Zur Abhängigkeit einzelner Industriezweige von China

Institut der deutschen Wirtschaft (IW) Institut der deutschen Wirtschaft (IW)

Die import- und exportseitige Abhängigkeit deutscher Industriebranchen von China auf der Vorleistungsebene wird hier mit einer Auswertung der internationalen Input-Output-Tabellen von FIGARO (Full International and Global Accounts for Research in Input-Output Analysis) ermittelt, die von Eurostat mit Datenstand 2020 zur Verfügung gestellt werden.

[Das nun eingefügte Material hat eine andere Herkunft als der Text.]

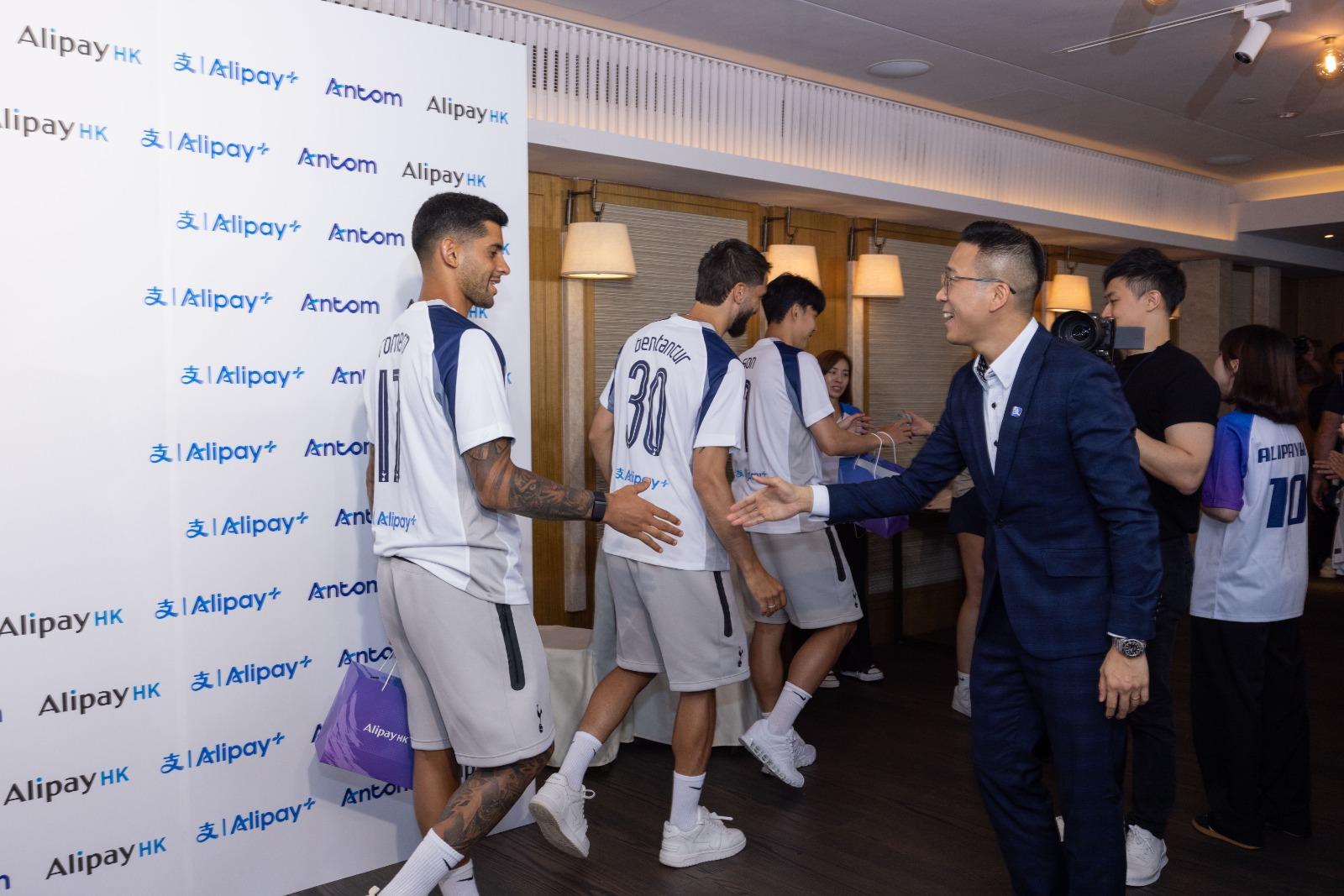 熱刺見面會,活動完結後大家都滿載而歸。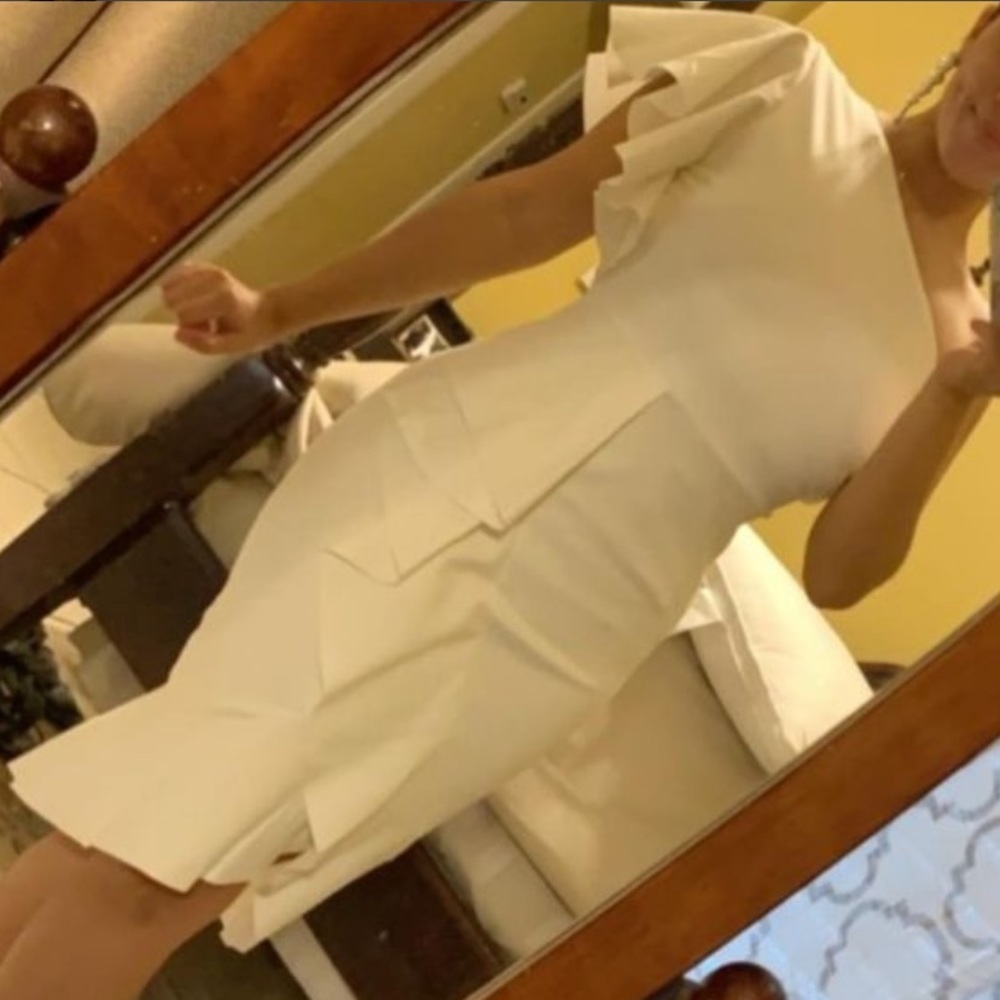 One shoulder ruffle dress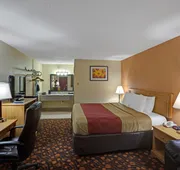 Econo Lodge Phillipsburg hotel detail image 4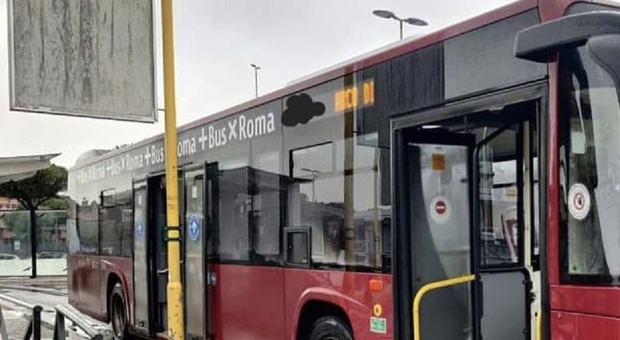 Roma, ad Acilia l'odissea per un «autobus fantasma»: mezzi troppo lunghi per passare nelle vie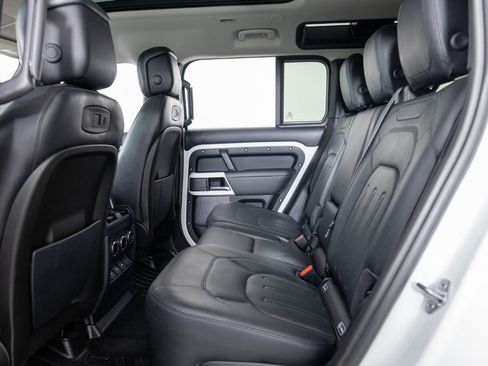 Used 2020 Land Rover Defender 110 HSE image 19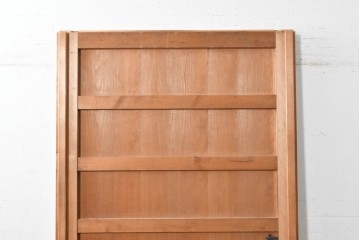 アンティーク建具　明治から大正期　新潟産　檜(ヒノキ)材　重厚な飾り金具を備えた蔵戸1枚　(R-089304)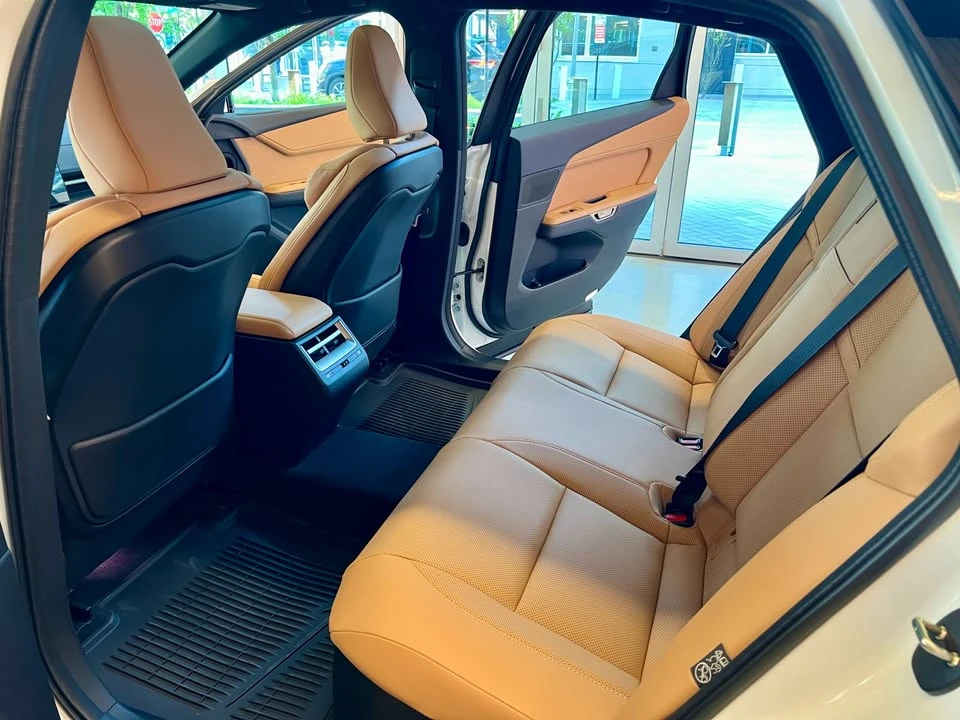 2026 Lexus ES 7th Gen - Image 12 of 17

Auf der Importseite ermöglichen die FIGARO-Daten einen besseren Blick auf die Importabhängigkeit der Industriebranchen als die übliche Außenhandelsstatistik, weil bei Letzterer auch die Importe aus China mit einfließen, die in den hiesigen Endverbrauch gehen. Die FIGARO-Daten liefern dagegen die Importe der Wirtschaftszweige. In der Gesamtschau ist Deutschlands Industrie auf dieser Datenbasis im internationalen Vergleich nicht übermäßig von China abhängig. Im Jahr 2020 kamen im Industriedurchschnitt rund 6,6 Prozent aller ausländischen Vorleistungslieferungen aus China. Bezieht man die inländischen Vorleistungen mit ein, liegt der Anteil Chinas an allen in- und ausländischen Vorleistungslieferungen bei 2,2 Prozent im Industriedurchschnitt. Dagegen ist die Industrie Japans, das sehr viel näher an China liegt, mit einem Anteil an allen ausländischen Vorleistungen von fast 20 Prozent deutlich abhängiger von chinesischen Zulieferern. Russland (16,5 Prozent), die USA (13,9 Prozent) und Tschechien (11,8 Prozent) weisen unter den hier betrachteten elf Industrieländern ebenfalls zweistellige Anteile im Industriedurchschnitt auf.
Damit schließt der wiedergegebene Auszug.